### ASSIGNMENT
The reply should consist solely of the lines from the one with "Ruffle Tiered Dress in Black Floral by Noni" through the final line of the listing, copied exactly, with no pictures.

### RAW DATA

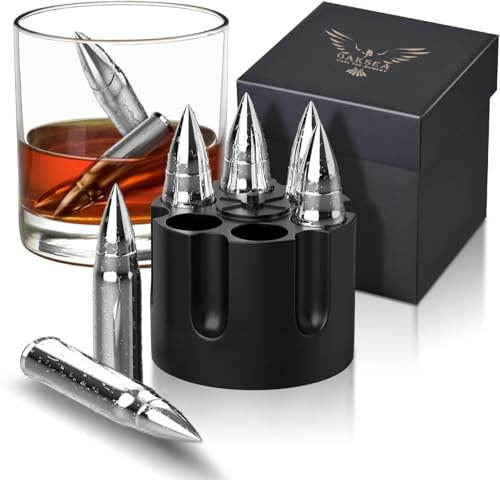Whiskey Steine Set Geschenke für Männer Whisky Steine Geschenk Mann Weihnachten für Papa - Wichtelgeschenk Whisky Geschenkset mit 6 Edelstahl Eiswürfel, Samtbeutel, Geschenkbox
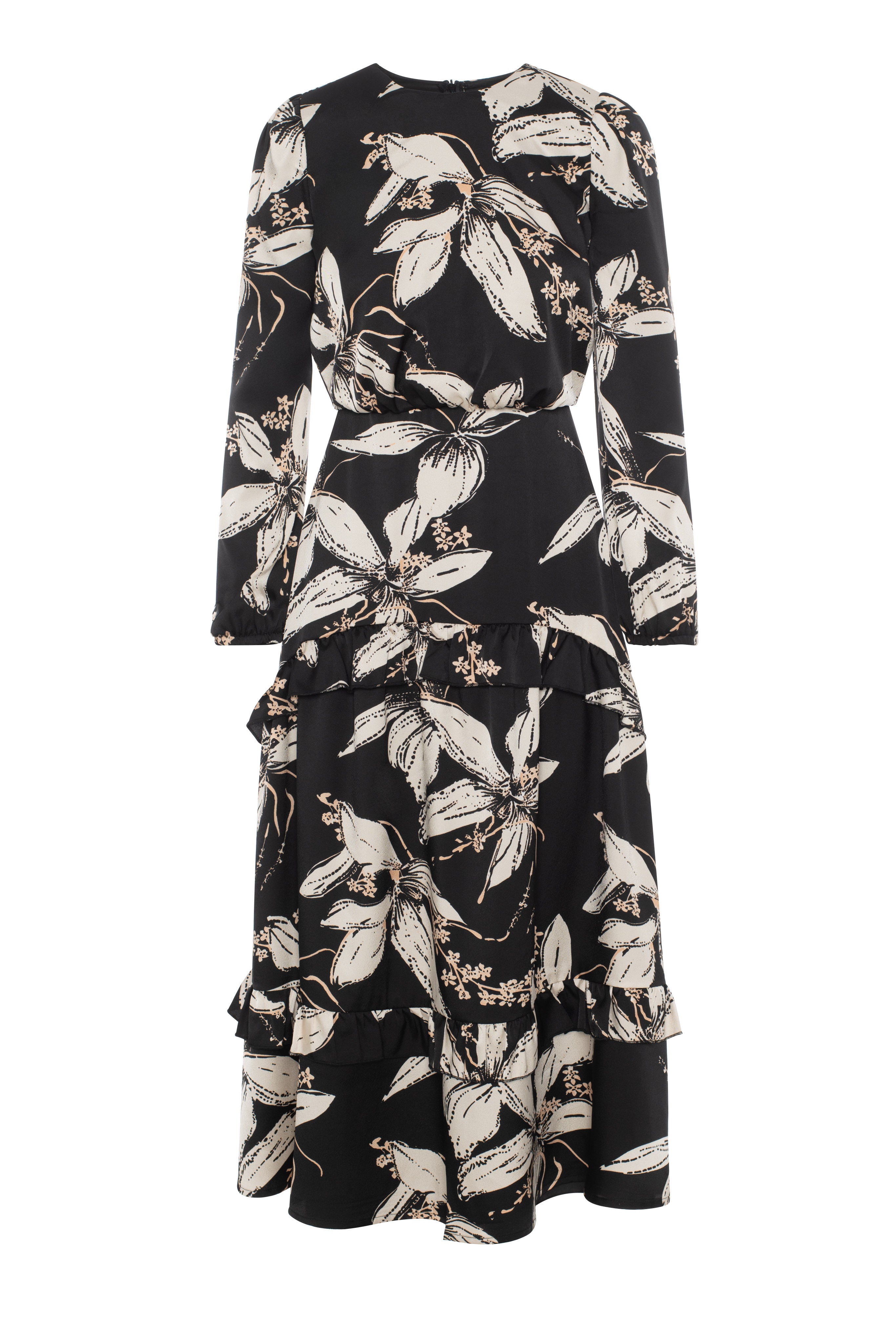 Ruffle Tiered Dress in Black Floral by Noni
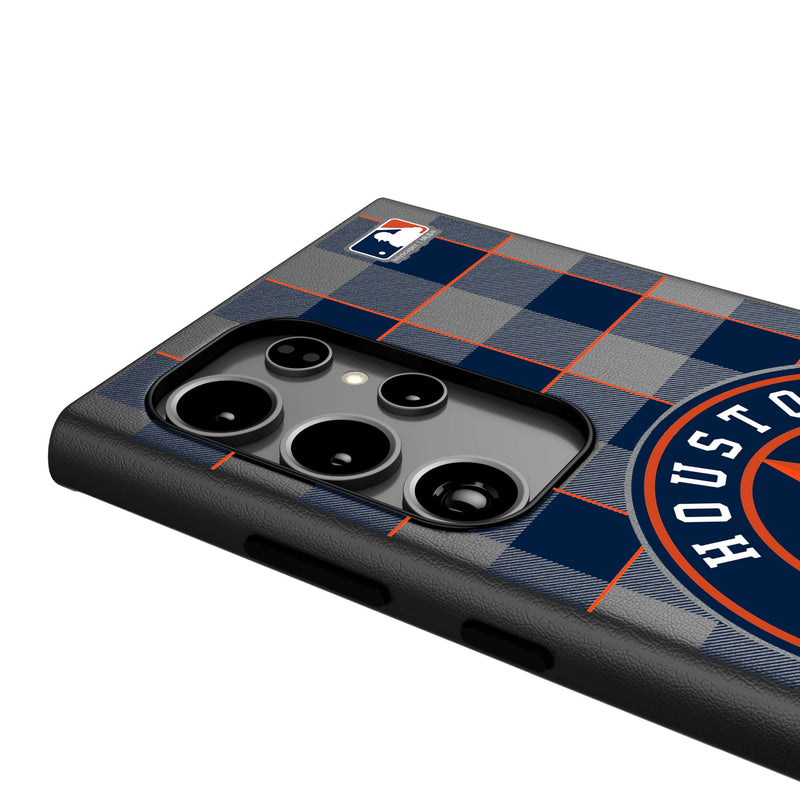 Houston Astros Plaid Galaxy MagSafe Compatible Phone Case Detail.Jpg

### RESPONSE FOR THIS EXERCISE
 Ruffle Tiered Dress in Black Floral by Noni
 Houston Astros Plaid Galaxy MagSafe Compatible Phone Case Detail.Jpg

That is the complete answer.